◆ **THE DATA**
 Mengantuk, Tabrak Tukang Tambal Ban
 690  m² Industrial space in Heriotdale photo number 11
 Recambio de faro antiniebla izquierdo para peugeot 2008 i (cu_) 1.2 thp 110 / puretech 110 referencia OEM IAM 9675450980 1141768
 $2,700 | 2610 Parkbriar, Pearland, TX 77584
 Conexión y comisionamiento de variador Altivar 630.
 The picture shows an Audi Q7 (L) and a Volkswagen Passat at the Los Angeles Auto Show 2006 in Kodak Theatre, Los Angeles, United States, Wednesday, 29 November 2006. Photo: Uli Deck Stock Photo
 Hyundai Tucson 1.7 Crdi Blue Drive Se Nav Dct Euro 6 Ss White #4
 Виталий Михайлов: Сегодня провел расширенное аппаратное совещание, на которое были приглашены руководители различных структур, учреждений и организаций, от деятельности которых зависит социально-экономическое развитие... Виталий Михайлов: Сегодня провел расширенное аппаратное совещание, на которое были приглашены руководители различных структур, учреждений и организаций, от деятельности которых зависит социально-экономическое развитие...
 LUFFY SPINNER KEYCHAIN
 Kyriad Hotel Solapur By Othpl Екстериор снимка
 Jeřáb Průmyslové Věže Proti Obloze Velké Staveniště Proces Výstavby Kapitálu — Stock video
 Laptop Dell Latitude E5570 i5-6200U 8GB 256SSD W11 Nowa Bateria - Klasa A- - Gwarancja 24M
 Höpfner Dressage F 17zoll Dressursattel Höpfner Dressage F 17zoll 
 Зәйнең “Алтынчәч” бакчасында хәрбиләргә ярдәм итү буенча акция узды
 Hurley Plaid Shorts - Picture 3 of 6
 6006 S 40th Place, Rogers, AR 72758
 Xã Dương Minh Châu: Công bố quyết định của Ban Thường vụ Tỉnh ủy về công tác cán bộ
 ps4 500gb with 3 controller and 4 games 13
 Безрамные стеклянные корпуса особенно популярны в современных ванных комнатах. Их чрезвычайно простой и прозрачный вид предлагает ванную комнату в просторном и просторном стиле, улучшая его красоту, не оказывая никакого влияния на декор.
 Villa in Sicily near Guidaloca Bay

◆ **ABOUT THIS EXERCISE**
Where a line of the listing holds the string "Stock", copy that line.

◆ **EXERCISE RESULT**
 The picture shows an Audi Q7 (L) and a Volkswagen Passat at the Los Angeles Auto Show 2006 in Kodak Theatre, Los Angeles, United States, Wednesday, 29 November 2006. Photo: Uli Deck Stock Photo
 Jeřáb Průmyslové Věže Proti Obloze Velké Staveniště Proces Výstavby Kapitálu — Stock video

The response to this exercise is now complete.